Shirley Henderson is known as one of Britain's more prolific actors, appearing in films that include Trainspotting, Bridget Jones's Diary, and 24 Hour Party People. Granted her face is still hard to place, but with leading roles in independent films such as IFC Films' Intermission (opening March 19), Dogme director Lone Scherfig's Wilbur Wants to Kill Himself (opening March 26), Close Your Eyes (opening April 16), and many more on the way, Henderson should finally earn her long-awaited recognition.
Mass audiences first took notice of this diminutive and youthful-looking character actor as she demonstrated her supple soprano in Mike Leigh's Topsy-Turvy as Leonora Braham, the Victorian actress portraying 14-year-old Yum-Yum, one of the "three little maids from school" in The Mikado. Once director Chris Columbus saw this emotional, dual performance, he contacted the Scottish lassie about playing the haunting schoolgirl Moaning Myrtle in Harry Potter and the Chamber of Secrets.
"I did not know what Moaning Myrtle was—I hadn't read the Harry Potter books," Henderson recalls. "So, I read it and I went, 'You're joking. She's 14. That's ridiculous. I don't understand this.' And then I read it again, and I thought, well, this is a great character and she's demented and emotionally highly strung. She's got adult emotions, and that's why they were seeing all kinds of ages for this part—young and old actresses, but no children." Henderson then 36 years old, won the part after six months, donned pigtails, and used her distinctive, gravelly, childlike whisper to make the ghostly character highly memorable.
Henderson's roots in performing began with her voice. She belted Barbra Streisand and Gladys Knight ballads as a teen for talent shows while on family holidays and at raucous pubs known as "working men's clubs." Indeed she continues to live in the same "wee village" in Fife, Scotland, and followed her initial interest in drama by going to Kirkcaldy Technical College for one year—the same school attended by other notable Scots, including Ewan McGregor and Dougray Scott. It was at Kirkaldy where professors told Henderson that she should be studying at England's Guildhall School of Music and Drama, so she packed her bags and decided to pursue the stages of London.
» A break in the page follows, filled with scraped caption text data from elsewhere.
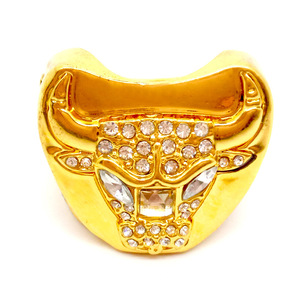 Bague de championnat <span class=keywords><strong>Chicago</strong></span> <span class=keywords><strong>Jordan</strong></span> 1997 <span class=keywords><strong>Bulls</strong></span>, en alliage d'or, haute qualité, sportive, très populaire à l'international - Product Image 4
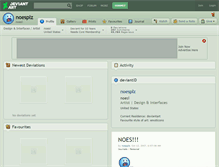 Tablet Screenshot of noesplz.deviantart.com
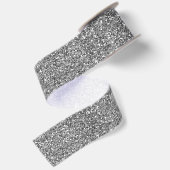 Zilveren Glitter Lint (Achterkant)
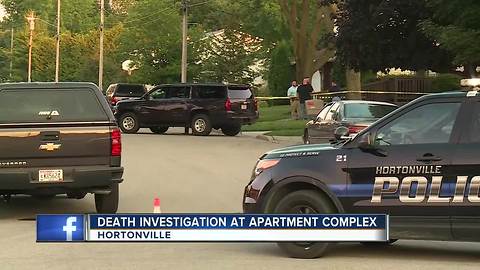 Death investigation at Hortonville apartment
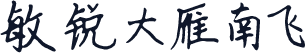 敏锐大雁南飞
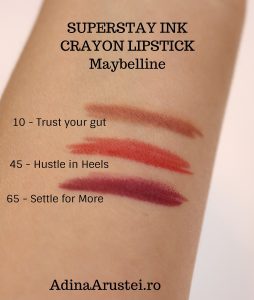 Beauty news: Rujurile creion Maybelline SuperStay Ink Crayon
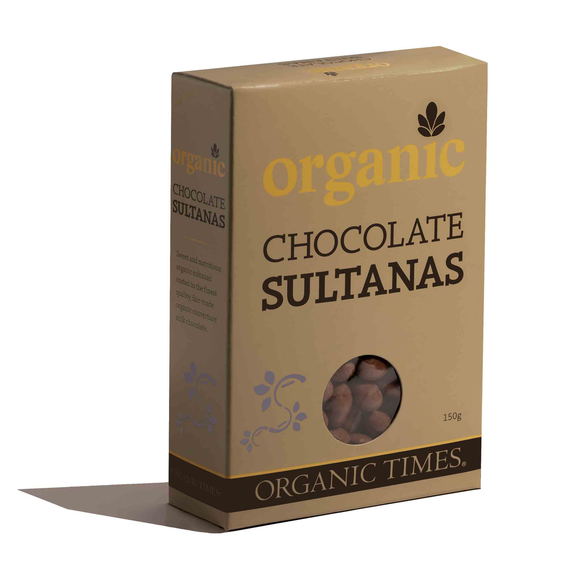 Organic Chocolate Sultanas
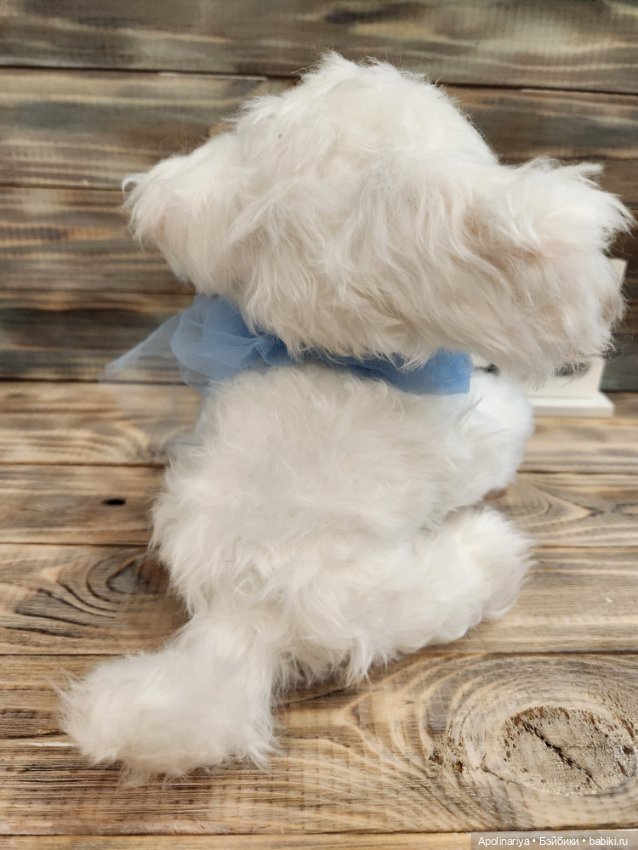 Барфи-белый щенок — Авторские мишки Тедди и друзья: фото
For 12 years she performed at the National Theatre Company and the Royal Court alongside names such as Dame Judi Dench and Sir Peter Hall, playing roles such as Juliet in Romeo and Juliet, Miranda in The Tempest, and the title role in Euridice. She did "odd bits of telly" in between stage productions, most notably in The Way We Live Now, for which she received a Royal Television Society nomination as Best Actress, and Hamish Macbeth, in which she played opposite future Trainspotting star Robert Carlyle. While auditioning for roles, Henderson heard every kind of rejection, including, "You look too young," "We hope you haven't come far," and the simple "No, no thanks."
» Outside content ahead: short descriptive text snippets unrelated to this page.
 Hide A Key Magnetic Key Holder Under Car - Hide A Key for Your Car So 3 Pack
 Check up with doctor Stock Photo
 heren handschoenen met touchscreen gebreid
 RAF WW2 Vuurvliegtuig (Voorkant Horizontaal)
"Or they don't look at you, or they're talking while you're auditioning, and what's the point?" she says. "But you have to keep looking, you have to keep having a go, and for one bad audition there's a good one. I think acting is changing. People are expecting it to be had quickly, but, certainly when I was starting, your 'in' was theatre. If you could get a play, you were doing amazing. Films were way in the distance." Or were they? Henderson says her introduction to Method acting and her breakthrough to film came when she auditioned for director Michael Winterbottom, who eventually cast her in three of his famously improvisational films: Wonderland, The Claim, and 24 Hour Party People.
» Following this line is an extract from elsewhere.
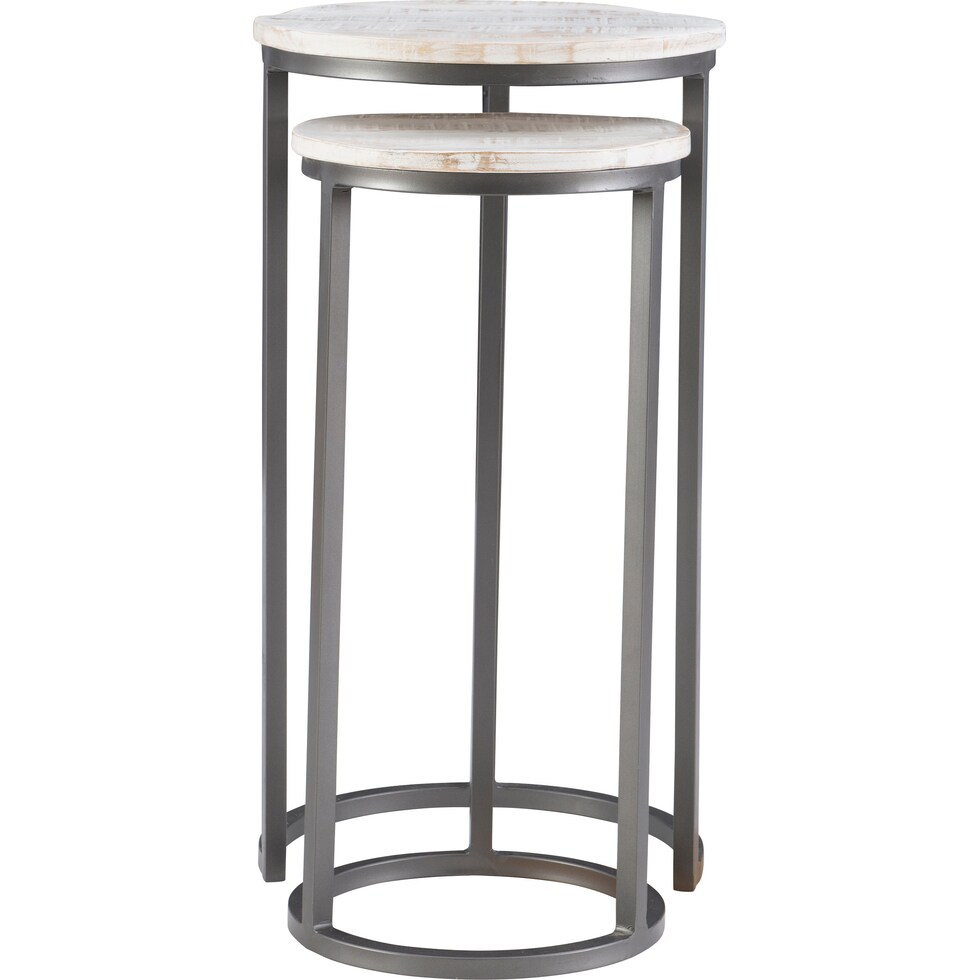 denali white nesting tables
For 24 Hour Party People, she met with the real Lindsay Wilson, the wife of Tony Wilson, an integral force in the Manchester music scene, and observed her behavior. For Intermission, Henderson donned a fake mustache to play the traumatized Sally. And for Wilbur Wants to Kill Himself, in which she plays a single mom in a love triangle, there was no research. Naturally she approaches each part with a different process, but one constant exercise for her is to talk to herself as the character beforehand. "I have to practice and start speaking to myself all day and imagining speaking as the character before I start filming, so I just get second nature with it," she explains. It's bizarre behavior, really, when people can see you on your own. It's ridiculous, but that's how I find the confidence to play the character."
Currently, Henderson has no high aspirations to conquer Hollywood, but she feels grateful for what she has accomplished in her career so far. "I kind of did away with all of [those aspirations] years ago," she says. "Yes, I'm lucky to be in Bridget Jones and Harry Potter and these types of films, and, yes, they do reach the masses, but I still have a long way to go before people really know who I am or what I've done. I didn't expect this ever to happen, and on a very small scale compared to some people, but if [fame] doesn't come then I'll still be content with what I've got."